— Items from a data source —
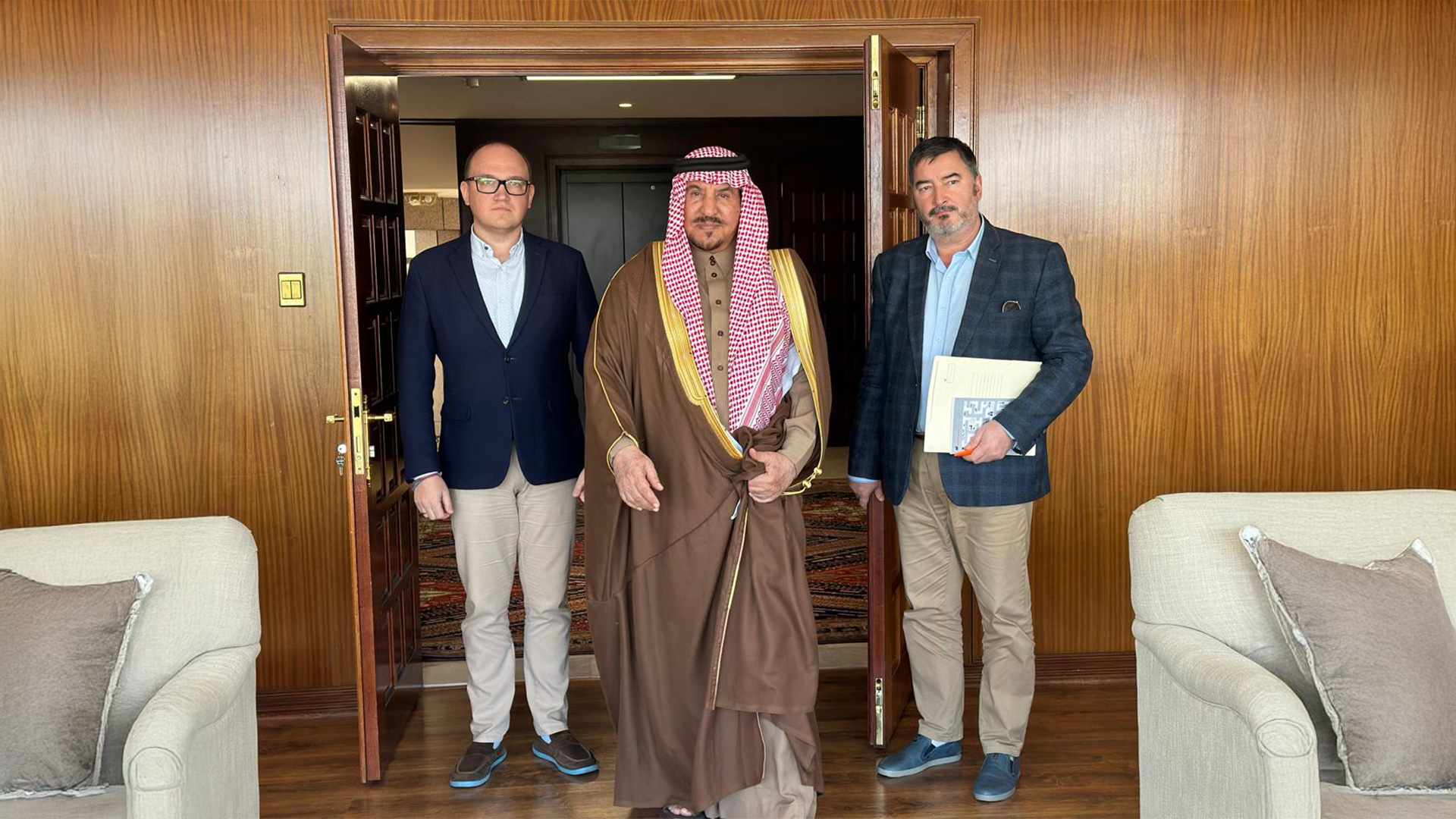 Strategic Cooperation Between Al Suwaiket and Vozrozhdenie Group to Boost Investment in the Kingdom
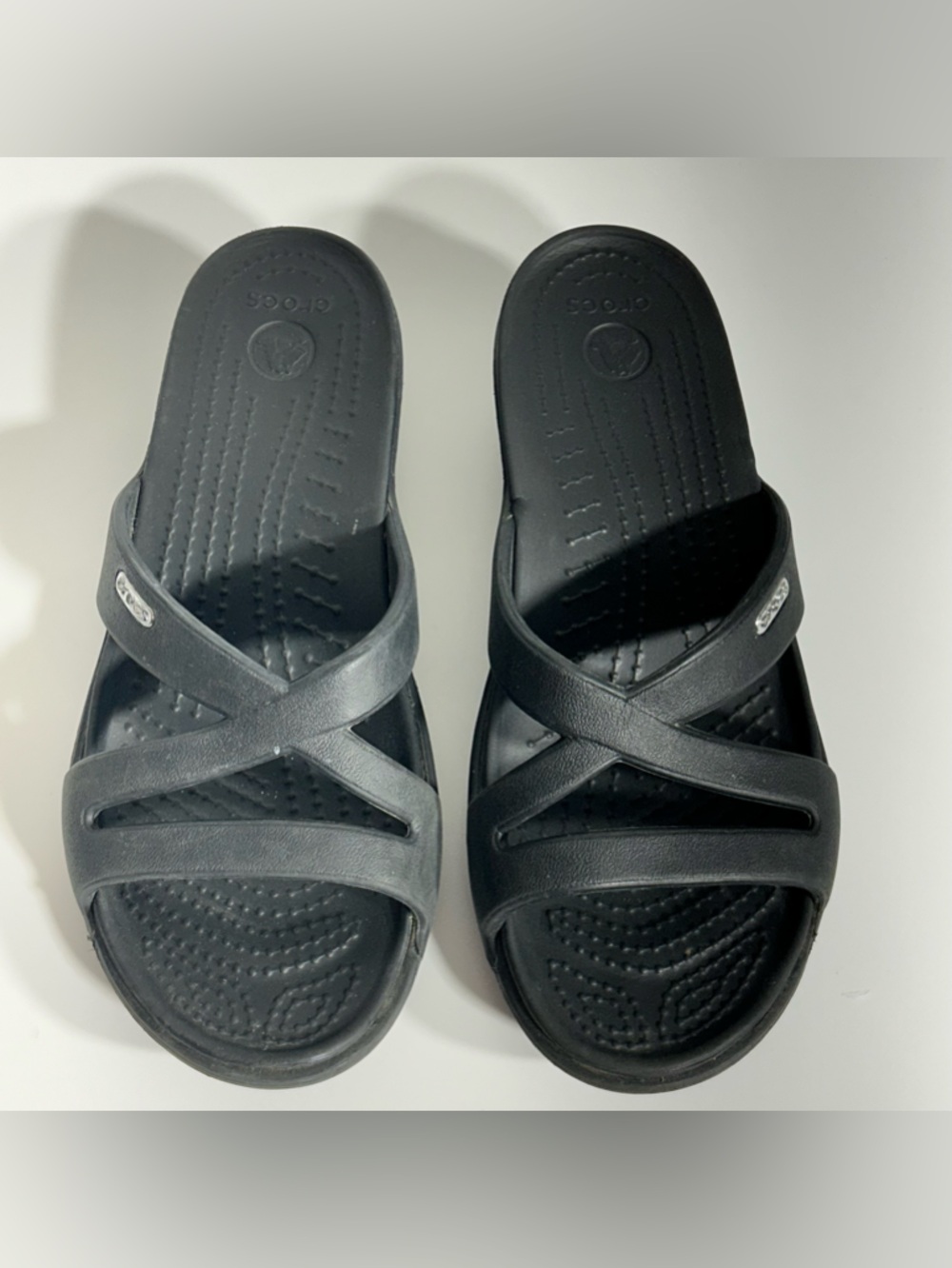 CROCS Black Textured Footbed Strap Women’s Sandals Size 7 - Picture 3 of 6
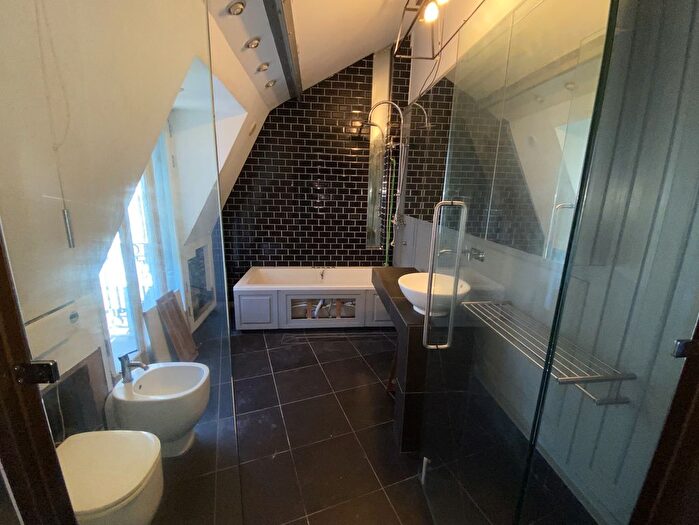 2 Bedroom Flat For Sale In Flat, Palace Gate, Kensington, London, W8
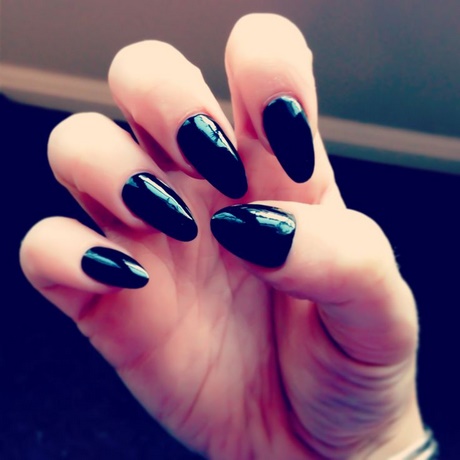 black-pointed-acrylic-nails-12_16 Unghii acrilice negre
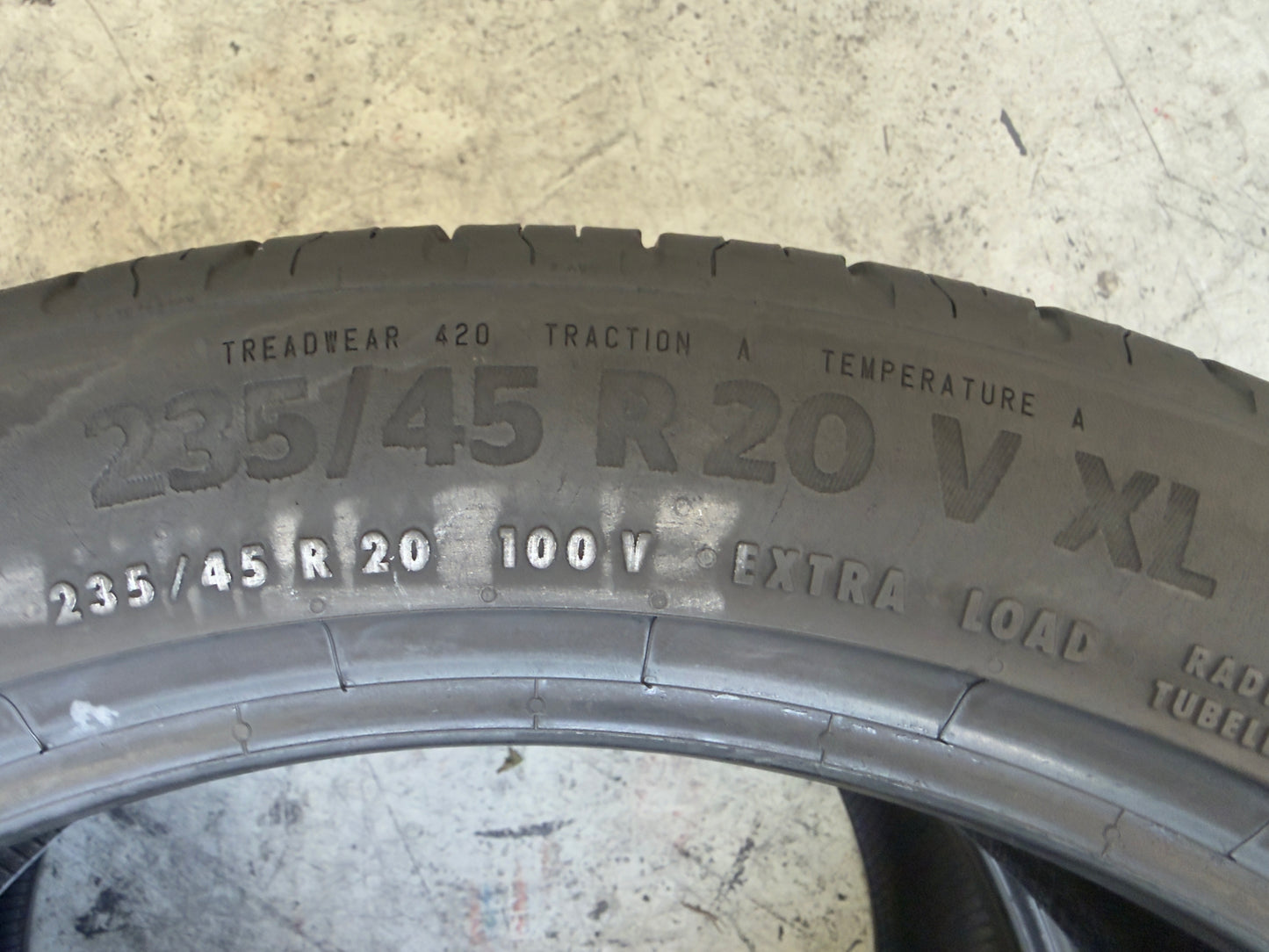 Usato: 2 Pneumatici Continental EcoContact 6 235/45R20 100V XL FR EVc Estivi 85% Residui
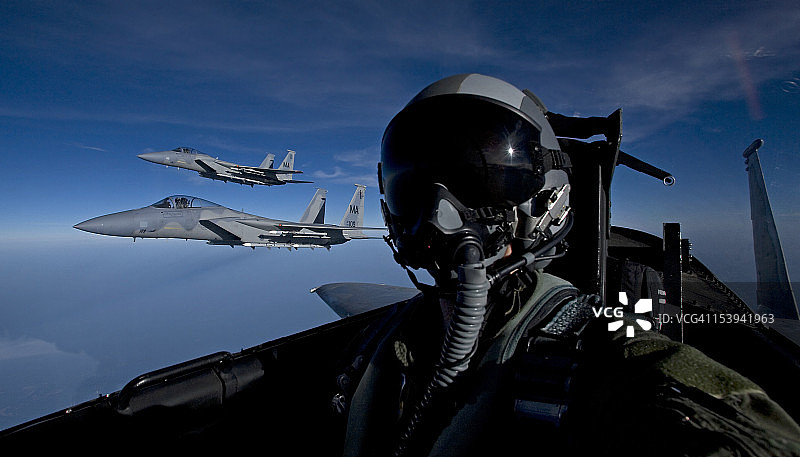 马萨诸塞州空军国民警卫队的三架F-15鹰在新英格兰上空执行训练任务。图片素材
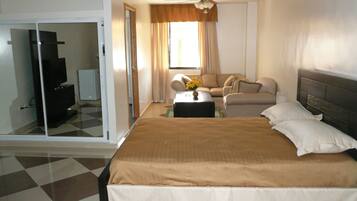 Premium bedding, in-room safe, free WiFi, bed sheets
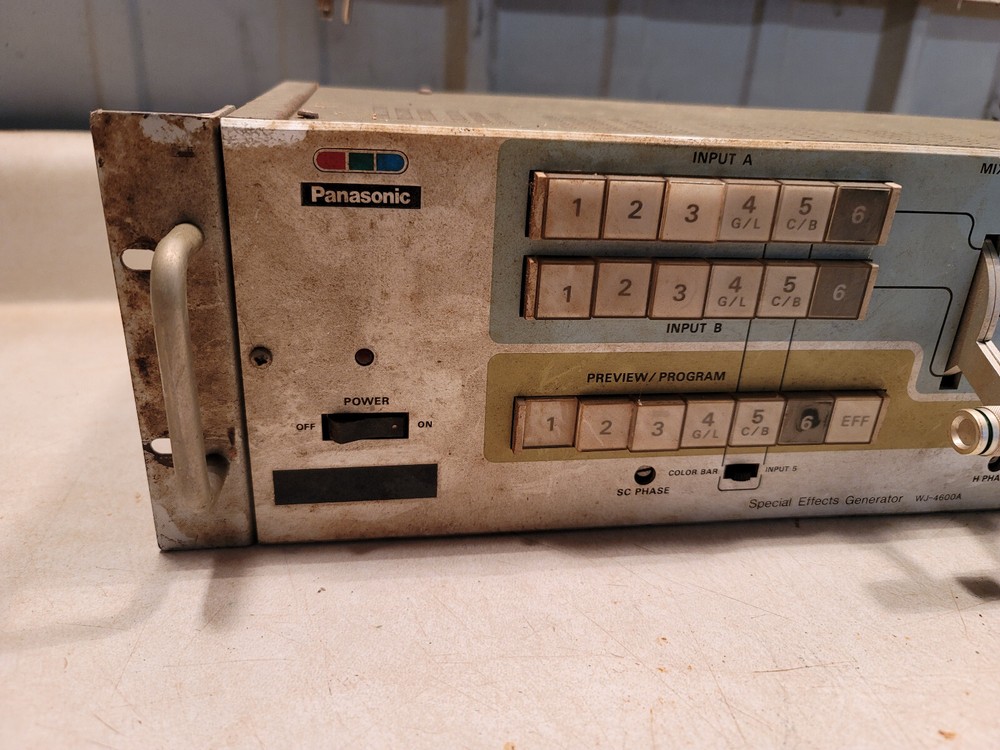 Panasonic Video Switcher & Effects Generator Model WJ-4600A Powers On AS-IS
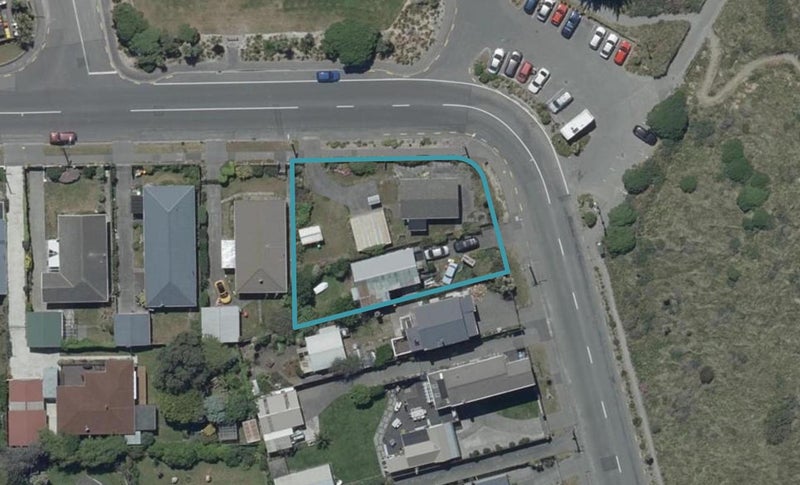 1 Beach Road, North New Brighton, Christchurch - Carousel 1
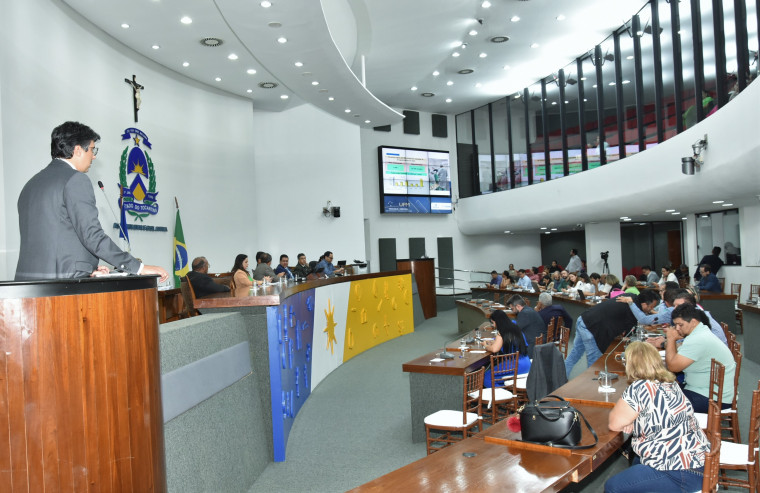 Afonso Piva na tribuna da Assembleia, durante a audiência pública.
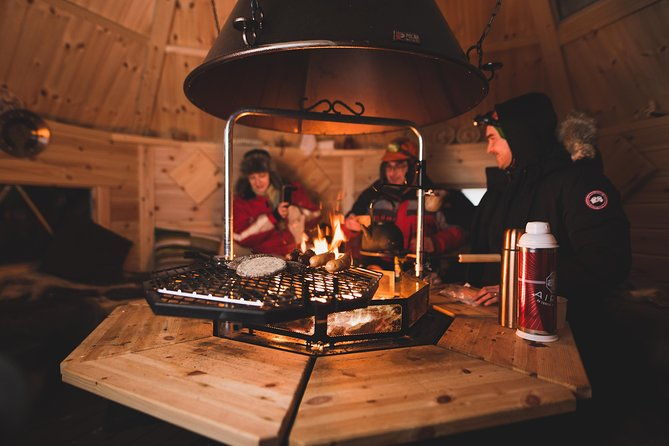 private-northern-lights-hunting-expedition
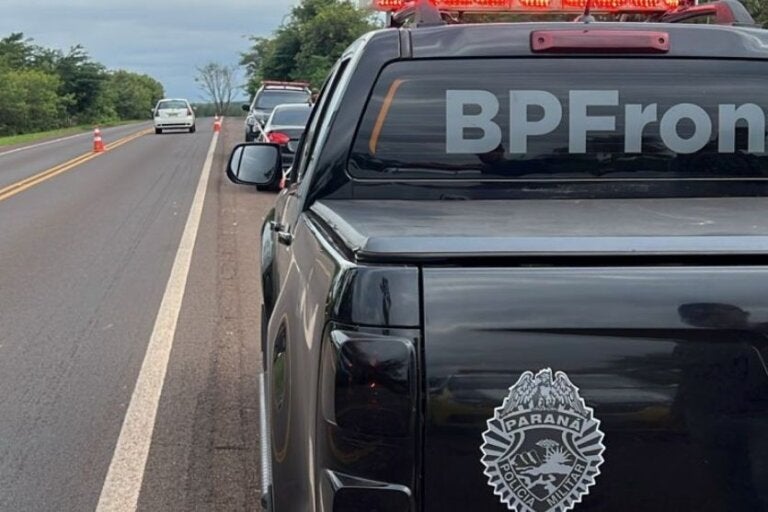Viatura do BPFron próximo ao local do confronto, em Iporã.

— Problem to work on —
With the pictures left out, output all the entries exactly.

— Result of the task —
 Strategic Cooperation Between Al Suwaiket and Vozrozhdenie Group to Boost Investment in the Kingdom
 CROCS Black Textured Footbed Strap Women’s Sandals Size 7 - Picture 3 of 6
 2 Bedroom Flat For Sale In Flat, Palace Gate, Kensington, London, W8
 black-pointed-acrylic-nails-12_16 Unghii acrilice negre
 Usato: 2 Pneumatici Continental EcoContact 6 235/45R20 100V XL FR EVc Estivi 85% Residui
 马萨诸塞州空军国民警卫队的三架F-15鹰在新英格兰上空执行训练任务。图片素材
 Premium bedding, in-room safe, free WiFi, bed sheets
 Panasonic Video Switcher & Effects Generator Model WJ-4600A Powers On AS-IS
 1 Beach Road, North New Brighton, Christchurch - Carousel 1
 Afonso Piva na tribuna da Assembleia, durante a audiência pública.
 private-northern-lights-hunting-expedition
Viatura do BPFron próximo ao local do confronto, em Iporã.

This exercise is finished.